Ah, voilà qui fait plaisir, Haydn ! Very Happy mes amis et moi ne comprenions pas l'accueil glacial réservé à la Abbagnato à la fin du spectacle, je crois bien avoir été le seul à oser un "brava" au milieu d'applaudissements juste "polis". La pauvre avait d'ailleurs l'air déçue (j'étais au 3e rang, je ne ratais rien des visages... Laughing )
Je l'ai moi aussi trouvée époustouflante. Quel tempérament, quel feu ! un moment particulièrement spectaculaire a été son affrontement avec Aurélie Dupont au 2e tableau du 1e acte, même la belle Aurélie s'est transformée en furie embrasée, c'était vraiment impressionnant, on se serait cru ds les duos Aida-Amneris chez Verdi. Du grand théâtre.

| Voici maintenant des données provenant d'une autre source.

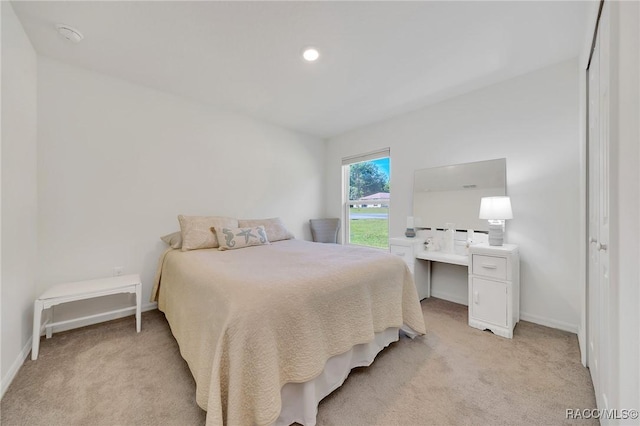 1435 W Adele Ct, Citrus Springs, FL 34434 - bedroom featuring light carpet and baseboards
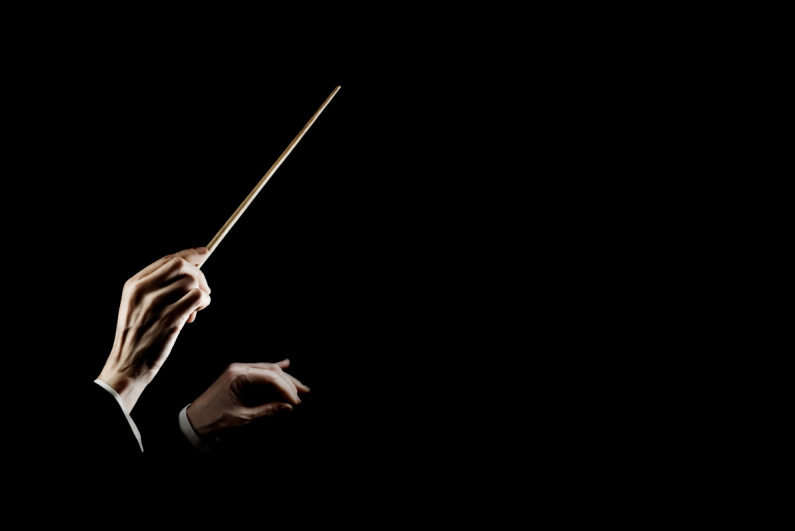 The conductor's hands with the baton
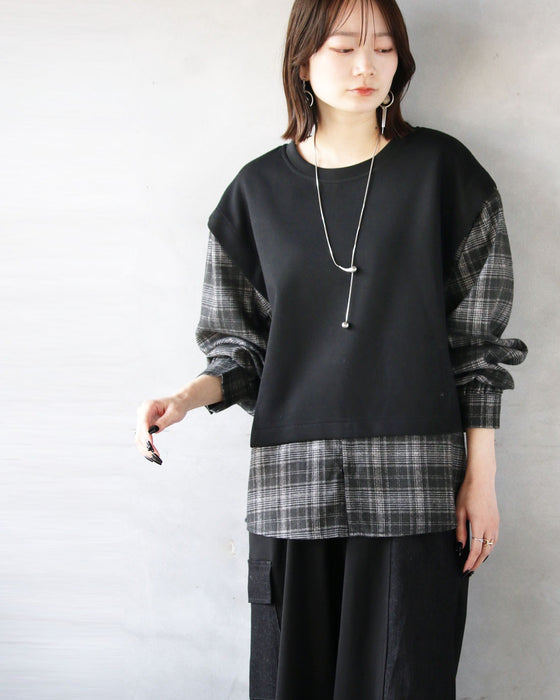 モード感と大人可愛さを一枚で チェック柄ドッキングトップス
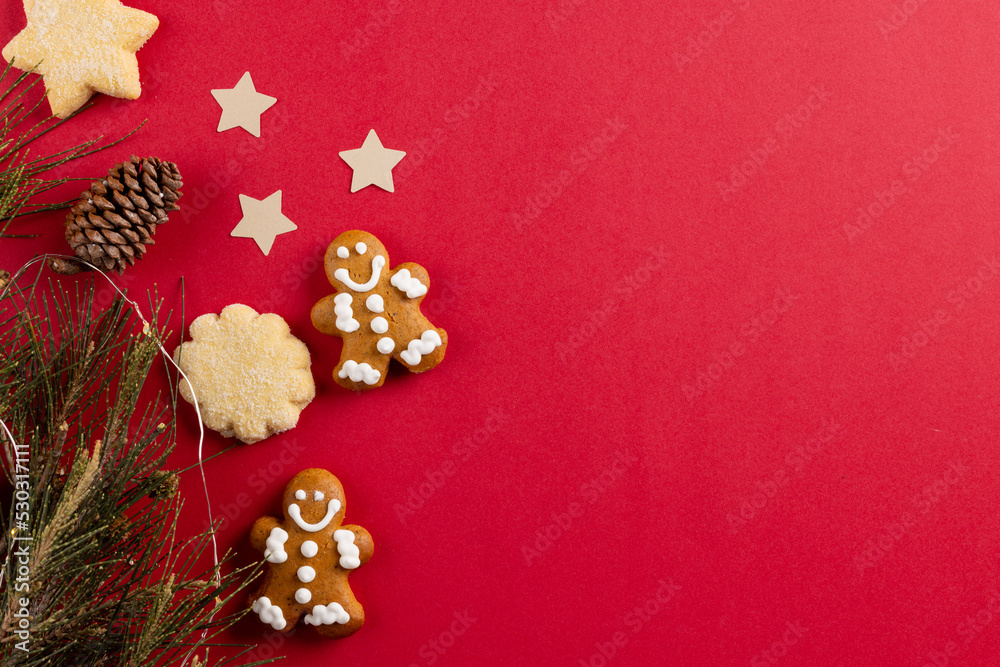 Image of gingerbread man biscuits and christmas decoration with copy space on red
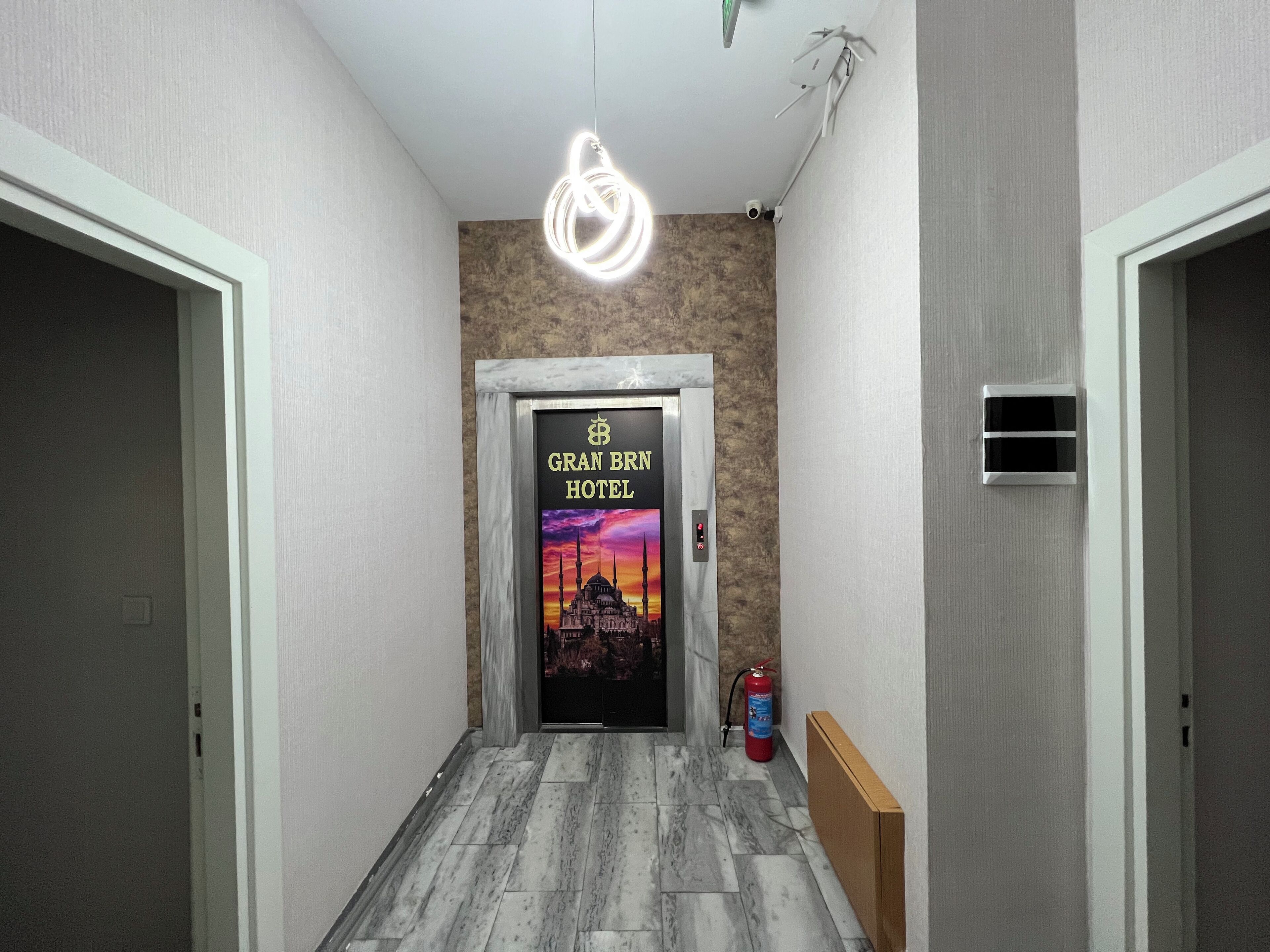 A hallway with a framed sign for GRAN BRN HOTEL, a fire extinguisher, and a ceiling light fixture.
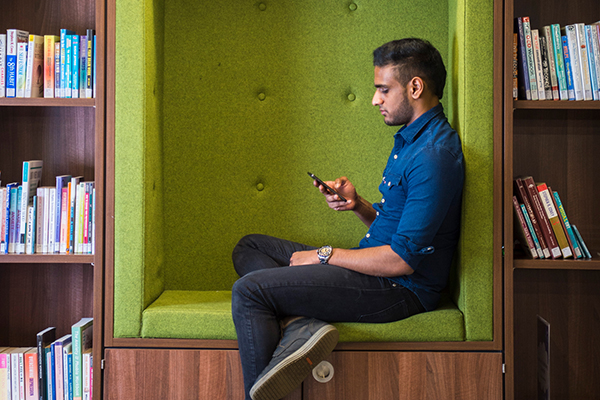 A student sits in the Library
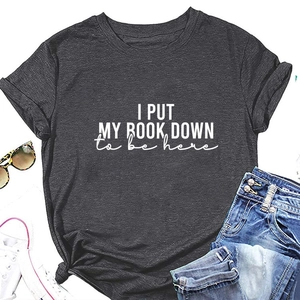 Flat lay of charcoal gray t-shirt with I Put My Book Down slogan and casual accessories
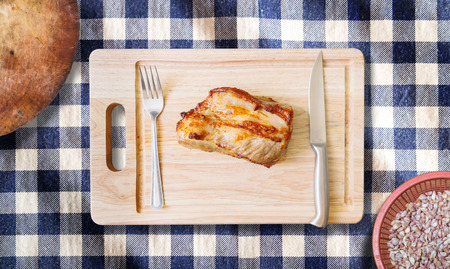 roast pork neck on cutting board with knife and fork on blue gingham cloth backgroundの写真素材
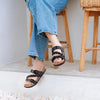 A person wearing black cork footbed slide sandals with arch support, sitting on a wooden stool.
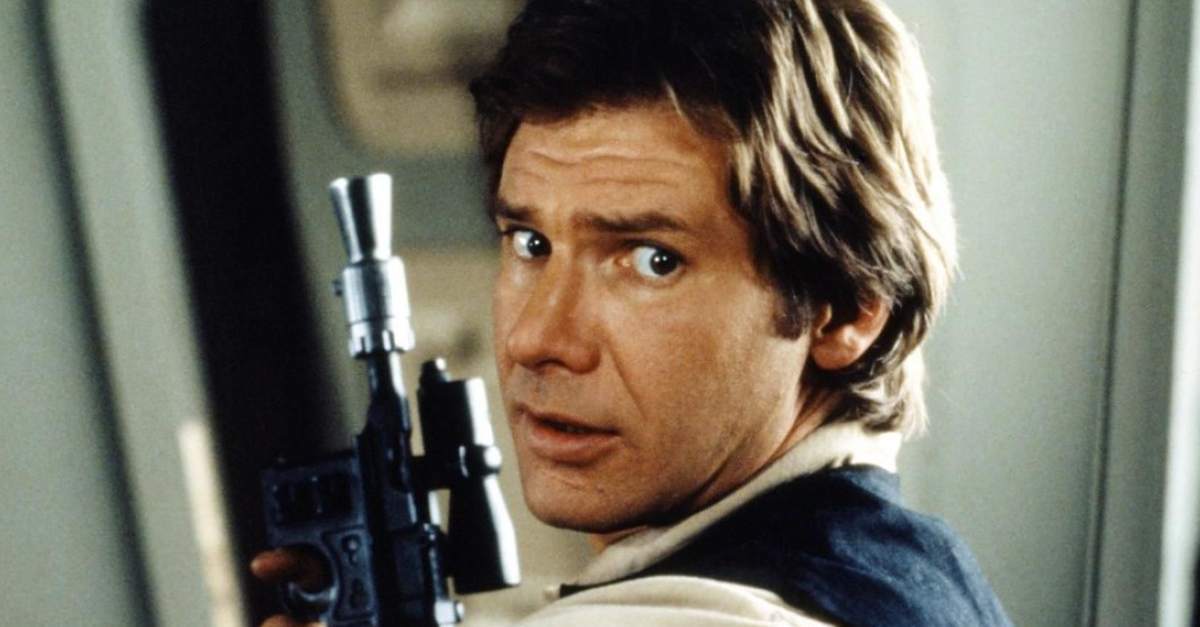 Harrison Ford holds a weapon and looks over his shoulder Han Solo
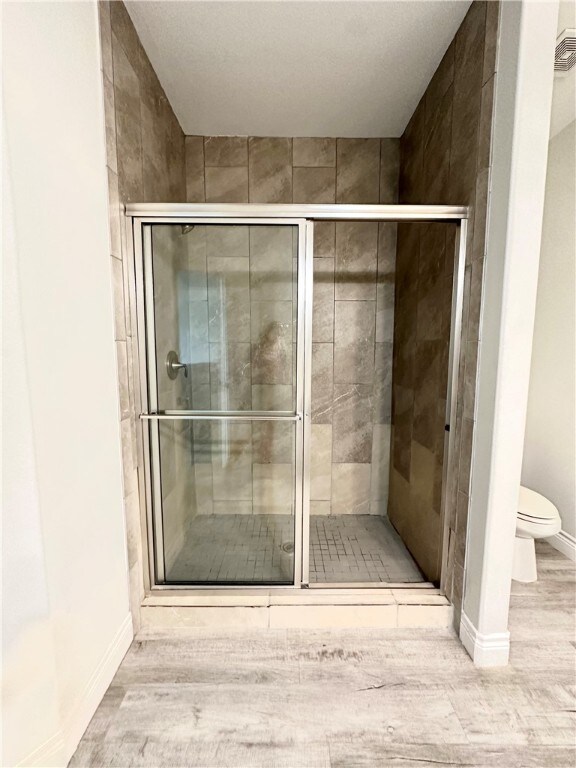 bathroom featuring a shower with shower door and toilet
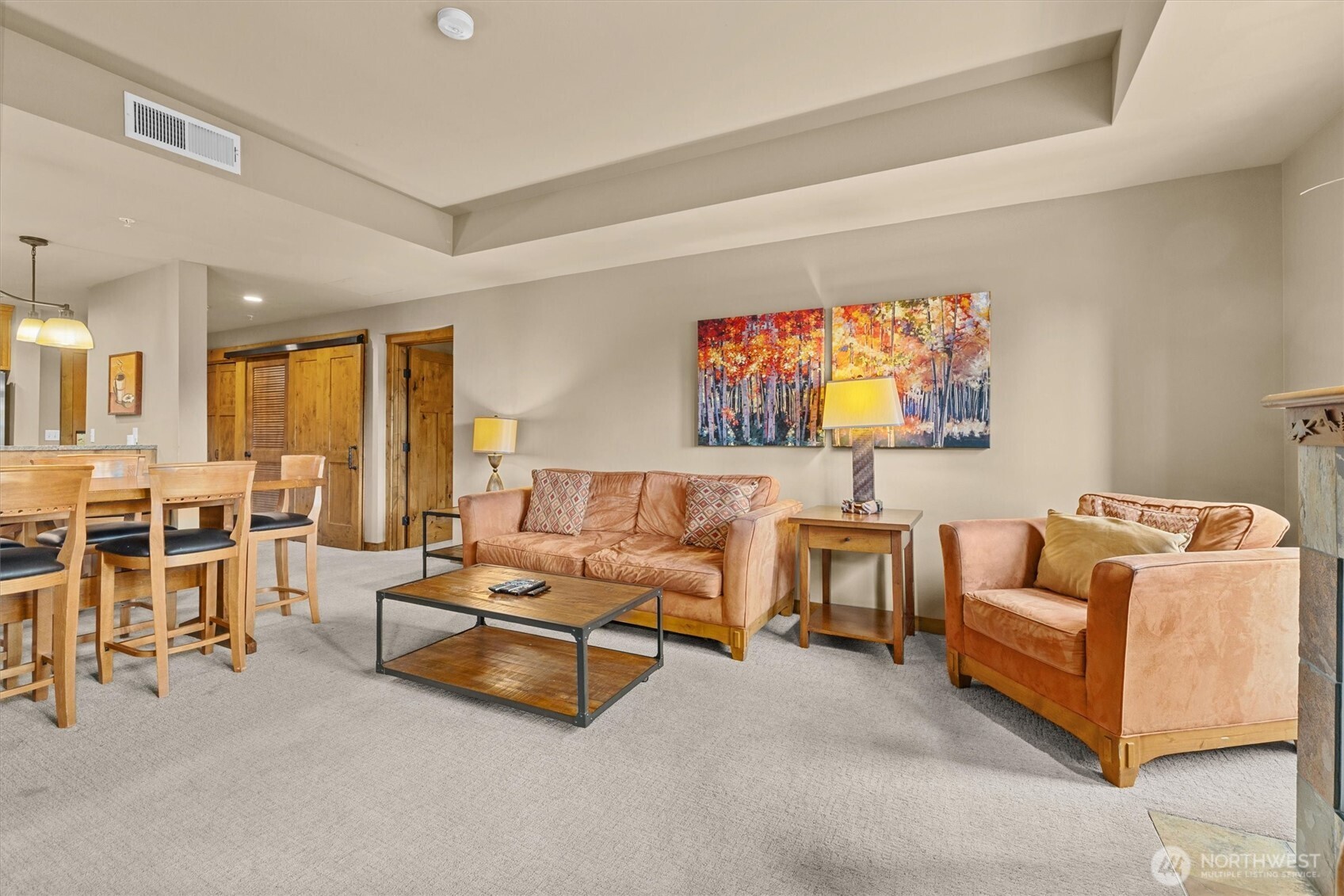 3770 Suncadia Trail, Unit 102 Cle Elum, WA 98922 - Photo 15 of 35 a living room with furniture and a flat screen tv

Un autre moment que je ne suis pas prêt d'oublier est le regard d'Acosta quand on lui présente Gamzatti : en moins de 15 secondes il passe par tous les états, à la fois méprisant et séduit, conquérant et hésitant, en si peu de temps il a réussi à donner une ambiguité à cette relation Solor-Gamzatti que je n'avais encore jamais vu. Du grand Art, réussir à donner une consistance "psychologique" à Solor... (bon, là vous allez dire que j'exagère un peu... Laughing ) J'ai regretté que votre appareil photo n'ait pas pu immortaliser ce moment (il fallait d'ailleurs être placé côté gauche de la scène pour en profiter pleinement).

En revanche je vous trouve trop dur concernant le duo qu'Acosta forme avec Aurélie Dupont. Hésitant au 1er acte certes (mais comment ne pas l'être entre partenaires peu habitués à danser ensemble), mais à l'inverse j'ai eu l'impression qu'à son contact Aurélie s'est littéralement surpassée : actrice jusqu'au bout des doigts (ce qu'elle n'est pas toujours d'autres soirs), romantique, douce, concernée par son rôle de la 1e à la dernière minute. Pour la première fois j'ai compris que la Bayadère était un ballet romantique, ce que la Zakharova en 2002 n'avait pas laissé transparaître avec sa perfection glacée trop académique à mon goût.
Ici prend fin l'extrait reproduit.